Short text fragments from websites:
--- START ---
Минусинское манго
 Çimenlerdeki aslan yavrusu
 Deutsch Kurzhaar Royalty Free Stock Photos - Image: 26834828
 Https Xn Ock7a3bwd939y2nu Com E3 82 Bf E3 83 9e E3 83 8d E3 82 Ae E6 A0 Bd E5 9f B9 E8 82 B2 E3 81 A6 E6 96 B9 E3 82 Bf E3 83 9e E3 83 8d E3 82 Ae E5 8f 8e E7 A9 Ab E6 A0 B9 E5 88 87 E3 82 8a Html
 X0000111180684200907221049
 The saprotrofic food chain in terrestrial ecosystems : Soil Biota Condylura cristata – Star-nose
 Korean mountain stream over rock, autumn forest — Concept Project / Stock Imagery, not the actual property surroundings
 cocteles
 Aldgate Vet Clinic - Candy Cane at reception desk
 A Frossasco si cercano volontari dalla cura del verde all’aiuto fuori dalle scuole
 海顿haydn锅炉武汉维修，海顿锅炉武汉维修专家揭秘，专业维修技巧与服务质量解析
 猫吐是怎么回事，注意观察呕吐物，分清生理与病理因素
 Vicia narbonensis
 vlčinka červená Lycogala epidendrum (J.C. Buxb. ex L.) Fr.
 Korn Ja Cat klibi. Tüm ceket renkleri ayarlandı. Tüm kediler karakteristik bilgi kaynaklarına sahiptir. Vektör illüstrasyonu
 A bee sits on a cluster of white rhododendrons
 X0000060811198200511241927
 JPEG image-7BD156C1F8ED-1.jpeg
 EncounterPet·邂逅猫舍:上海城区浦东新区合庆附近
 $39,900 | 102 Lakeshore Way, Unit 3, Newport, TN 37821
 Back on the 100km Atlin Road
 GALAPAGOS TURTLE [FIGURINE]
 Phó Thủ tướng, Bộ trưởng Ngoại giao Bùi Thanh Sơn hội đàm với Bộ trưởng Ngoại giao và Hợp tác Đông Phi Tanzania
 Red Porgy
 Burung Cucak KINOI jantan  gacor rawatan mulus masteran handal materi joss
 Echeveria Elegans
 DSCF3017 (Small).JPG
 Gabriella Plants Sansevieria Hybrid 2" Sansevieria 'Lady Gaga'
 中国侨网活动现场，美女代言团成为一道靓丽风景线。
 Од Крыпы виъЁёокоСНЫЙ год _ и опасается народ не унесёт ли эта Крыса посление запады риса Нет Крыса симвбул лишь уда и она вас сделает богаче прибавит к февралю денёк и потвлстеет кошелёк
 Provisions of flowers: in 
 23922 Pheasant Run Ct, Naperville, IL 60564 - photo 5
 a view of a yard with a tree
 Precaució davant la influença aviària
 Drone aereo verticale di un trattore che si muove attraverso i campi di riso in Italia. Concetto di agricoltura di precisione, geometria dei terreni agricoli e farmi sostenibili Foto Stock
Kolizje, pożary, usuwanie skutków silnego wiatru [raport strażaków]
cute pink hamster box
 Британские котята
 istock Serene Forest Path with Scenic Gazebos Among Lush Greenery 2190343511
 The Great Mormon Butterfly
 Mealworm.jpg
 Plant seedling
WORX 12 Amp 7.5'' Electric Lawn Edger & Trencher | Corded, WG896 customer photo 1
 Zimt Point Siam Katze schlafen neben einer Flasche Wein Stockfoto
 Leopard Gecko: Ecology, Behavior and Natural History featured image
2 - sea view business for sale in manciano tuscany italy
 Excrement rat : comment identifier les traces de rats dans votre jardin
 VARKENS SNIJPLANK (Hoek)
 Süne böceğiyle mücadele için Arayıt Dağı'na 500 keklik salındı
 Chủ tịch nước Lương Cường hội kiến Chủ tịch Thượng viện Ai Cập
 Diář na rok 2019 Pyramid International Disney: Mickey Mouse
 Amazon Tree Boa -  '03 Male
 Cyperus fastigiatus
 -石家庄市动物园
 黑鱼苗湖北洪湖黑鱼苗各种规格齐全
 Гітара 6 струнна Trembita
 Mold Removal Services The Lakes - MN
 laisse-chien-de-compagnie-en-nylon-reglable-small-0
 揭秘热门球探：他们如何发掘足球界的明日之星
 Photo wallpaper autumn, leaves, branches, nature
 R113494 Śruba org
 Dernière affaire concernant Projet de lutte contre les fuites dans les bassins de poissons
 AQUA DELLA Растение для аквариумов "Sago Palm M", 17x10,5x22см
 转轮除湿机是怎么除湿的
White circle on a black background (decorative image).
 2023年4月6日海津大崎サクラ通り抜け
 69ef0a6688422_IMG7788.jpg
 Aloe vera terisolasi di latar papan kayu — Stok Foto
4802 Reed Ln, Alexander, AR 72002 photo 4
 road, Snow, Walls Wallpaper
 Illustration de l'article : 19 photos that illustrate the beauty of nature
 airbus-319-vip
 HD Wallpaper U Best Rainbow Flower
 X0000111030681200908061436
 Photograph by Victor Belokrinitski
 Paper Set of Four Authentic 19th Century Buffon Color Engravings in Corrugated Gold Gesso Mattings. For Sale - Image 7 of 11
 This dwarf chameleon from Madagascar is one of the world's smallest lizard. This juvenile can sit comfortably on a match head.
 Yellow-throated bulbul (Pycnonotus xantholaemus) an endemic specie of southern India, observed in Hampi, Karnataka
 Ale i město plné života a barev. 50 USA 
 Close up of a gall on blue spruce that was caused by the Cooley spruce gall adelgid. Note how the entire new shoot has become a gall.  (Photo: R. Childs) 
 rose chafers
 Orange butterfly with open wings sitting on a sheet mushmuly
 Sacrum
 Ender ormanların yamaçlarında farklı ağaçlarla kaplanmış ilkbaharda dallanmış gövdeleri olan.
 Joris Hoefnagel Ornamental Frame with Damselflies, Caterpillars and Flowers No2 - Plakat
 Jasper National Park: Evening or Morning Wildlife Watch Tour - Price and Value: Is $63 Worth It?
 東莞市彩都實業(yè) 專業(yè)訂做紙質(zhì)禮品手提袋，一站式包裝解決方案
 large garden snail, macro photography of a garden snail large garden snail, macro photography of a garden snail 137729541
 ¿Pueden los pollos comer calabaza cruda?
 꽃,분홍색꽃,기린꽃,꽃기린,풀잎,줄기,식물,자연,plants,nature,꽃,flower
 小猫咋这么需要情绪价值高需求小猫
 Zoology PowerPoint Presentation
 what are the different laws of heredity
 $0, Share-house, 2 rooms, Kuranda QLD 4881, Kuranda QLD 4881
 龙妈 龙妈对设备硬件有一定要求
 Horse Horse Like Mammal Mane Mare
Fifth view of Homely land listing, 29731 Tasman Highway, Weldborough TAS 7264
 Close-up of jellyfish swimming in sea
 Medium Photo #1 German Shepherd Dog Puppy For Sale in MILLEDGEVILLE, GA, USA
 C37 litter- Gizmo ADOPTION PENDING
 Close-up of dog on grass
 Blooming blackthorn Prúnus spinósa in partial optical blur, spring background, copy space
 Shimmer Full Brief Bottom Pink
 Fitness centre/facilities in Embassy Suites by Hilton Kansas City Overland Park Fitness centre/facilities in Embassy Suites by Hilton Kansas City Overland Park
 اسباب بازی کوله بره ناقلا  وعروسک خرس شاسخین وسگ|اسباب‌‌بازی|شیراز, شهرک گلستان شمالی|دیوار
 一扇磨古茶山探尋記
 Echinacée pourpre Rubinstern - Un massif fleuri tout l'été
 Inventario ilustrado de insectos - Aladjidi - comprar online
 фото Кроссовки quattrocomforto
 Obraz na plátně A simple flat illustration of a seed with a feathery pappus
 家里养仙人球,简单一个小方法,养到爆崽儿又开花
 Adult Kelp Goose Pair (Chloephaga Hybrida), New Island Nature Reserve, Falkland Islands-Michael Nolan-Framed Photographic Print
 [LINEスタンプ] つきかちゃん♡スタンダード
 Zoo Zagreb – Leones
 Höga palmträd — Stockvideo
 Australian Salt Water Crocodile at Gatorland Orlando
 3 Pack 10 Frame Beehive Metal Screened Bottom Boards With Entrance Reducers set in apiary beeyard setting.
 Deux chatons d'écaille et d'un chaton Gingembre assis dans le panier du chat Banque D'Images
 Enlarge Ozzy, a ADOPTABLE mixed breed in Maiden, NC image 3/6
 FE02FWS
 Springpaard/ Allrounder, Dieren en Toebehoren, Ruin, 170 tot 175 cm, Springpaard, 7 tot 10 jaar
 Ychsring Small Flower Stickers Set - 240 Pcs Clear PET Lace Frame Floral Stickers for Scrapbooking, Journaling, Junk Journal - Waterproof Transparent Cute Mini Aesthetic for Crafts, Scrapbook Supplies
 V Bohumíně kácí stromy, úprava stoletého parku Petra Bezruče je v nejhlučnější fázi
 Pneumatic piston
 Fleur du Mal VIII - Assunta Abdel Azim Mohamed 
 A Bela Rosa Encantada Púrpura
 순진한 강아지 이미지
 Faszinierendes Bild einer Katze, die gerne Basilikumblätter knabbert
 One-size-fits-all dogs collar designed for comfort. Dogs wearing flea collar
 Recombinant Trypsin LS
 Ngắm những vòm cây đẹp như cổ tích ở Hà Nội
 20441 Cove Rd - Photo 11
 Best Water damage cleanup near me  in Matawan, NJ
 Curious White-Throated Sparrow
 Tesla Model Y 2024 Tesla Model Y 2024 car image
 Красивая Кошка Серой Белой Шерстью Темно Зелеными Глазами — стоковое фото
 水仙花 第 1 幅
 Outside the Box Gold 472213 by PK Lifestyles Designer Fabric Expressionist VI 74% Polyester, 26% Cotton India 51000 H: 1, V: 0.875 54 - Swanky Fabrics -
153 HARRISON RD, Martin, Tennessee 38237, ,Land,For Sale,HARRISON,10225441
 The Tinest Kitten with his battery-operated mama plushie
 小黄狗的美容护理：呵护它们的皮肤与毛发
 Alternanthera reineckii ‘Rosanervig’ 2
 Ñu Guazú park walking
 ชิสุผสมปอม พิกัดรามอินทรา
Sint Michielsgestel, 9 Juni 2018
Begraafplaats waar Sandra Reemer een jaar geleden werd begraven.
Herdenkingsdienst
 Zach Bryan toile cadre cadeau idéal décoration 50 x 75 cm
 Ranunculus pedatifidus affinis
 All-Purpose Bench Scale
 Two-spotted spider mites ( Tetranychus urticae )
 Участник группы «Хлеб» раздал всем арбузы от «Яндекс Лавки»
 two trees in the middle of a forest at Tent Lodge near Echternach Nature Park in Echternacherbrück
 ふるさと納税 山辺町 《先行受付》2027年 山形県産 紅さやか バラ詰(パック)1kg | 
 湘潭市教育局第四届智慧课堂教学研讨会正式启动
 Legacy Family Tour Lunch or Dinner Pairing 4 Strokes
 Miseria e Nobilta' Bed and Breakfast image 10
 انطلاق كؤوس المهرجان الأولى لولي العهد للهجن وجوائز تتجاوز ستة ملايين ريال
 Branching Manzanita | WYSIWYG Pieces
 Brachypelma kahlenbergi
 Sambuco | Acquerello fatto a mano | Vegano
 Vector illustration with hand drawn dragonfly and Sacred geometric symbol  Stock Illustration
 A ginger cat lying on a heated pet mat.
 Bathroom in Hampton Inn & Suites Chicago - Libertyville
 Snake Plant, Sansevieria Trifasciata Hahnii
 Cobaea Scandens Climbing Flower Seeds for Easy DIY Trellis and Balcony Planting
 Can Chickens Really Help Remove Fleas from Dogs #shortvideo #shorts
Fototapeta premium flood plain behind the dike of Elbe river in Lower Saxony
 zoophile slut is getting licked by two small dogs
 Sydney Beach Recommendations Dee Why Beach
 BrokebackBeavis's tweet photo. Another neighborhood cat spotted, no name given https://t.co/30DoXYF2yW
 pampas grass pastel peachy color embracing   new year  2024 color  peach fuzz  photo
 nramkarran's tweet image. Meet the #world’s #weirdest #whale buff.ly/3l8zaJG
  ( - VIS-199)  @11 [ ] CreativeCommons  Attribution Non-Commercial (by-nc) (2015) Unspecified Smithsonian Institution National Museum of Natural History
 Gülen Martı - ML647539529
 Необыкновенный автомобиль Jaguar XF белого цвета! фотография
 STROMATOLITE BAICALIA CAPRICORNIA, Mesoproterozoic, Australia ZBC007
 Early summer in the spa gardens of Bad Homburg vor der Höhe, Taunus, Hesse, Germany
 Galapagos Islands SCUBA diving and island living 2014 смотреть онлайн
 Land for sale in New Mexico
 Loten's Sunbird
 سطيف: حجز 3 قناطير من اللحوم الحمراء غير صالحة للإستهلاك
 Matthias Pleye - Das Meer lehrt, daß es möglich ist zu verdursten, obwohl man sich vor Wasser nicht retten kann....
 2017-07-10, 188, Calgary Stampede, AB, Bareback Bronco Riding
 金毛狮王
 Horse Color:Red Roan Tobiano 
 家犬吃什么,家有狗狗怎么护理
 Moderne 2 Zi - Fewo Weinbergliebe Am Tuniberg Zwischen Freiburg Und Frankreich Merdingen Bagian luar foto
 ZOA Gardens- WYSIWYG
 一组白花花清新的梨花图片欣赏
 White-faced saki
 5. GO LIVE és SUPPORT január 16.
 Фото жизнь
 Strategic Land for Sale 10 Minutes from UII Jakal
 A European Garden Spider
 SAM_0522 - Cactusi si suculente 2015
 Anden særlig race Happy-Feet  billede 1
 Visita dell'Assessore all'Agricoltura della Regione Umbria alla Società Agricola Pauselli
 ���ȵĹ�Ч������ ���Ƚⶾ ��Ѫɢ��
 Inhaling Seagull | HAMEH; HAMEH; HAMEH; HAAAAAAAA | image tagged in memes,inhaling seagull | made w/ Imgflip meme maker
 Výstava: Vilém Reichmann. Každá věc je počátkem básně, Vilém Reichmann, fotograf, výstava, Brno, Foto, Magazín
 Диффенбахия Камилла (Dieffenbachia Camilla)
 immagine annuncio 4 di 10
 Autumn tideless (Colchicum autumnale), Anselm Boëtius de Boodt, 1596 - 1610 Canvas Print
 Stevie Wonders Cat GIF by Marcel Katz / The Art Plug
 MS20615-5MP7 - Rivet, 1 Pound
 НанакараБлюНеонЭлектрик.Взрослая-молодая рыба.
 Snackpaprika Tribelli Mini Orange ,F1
--- END ---
TASK TO COMPLETE – The first line of the entries above marks where to begin; repeat each line exactly through the one that contains "Deutsch Kurzhaar Royalty", and include that line.

TASK ANSWER –
Минусинское манго
 Çimenlerdeki aslan yavrusu
 Deutsch Kurzhaar Royalty Free Stock Photos - Image: 26834828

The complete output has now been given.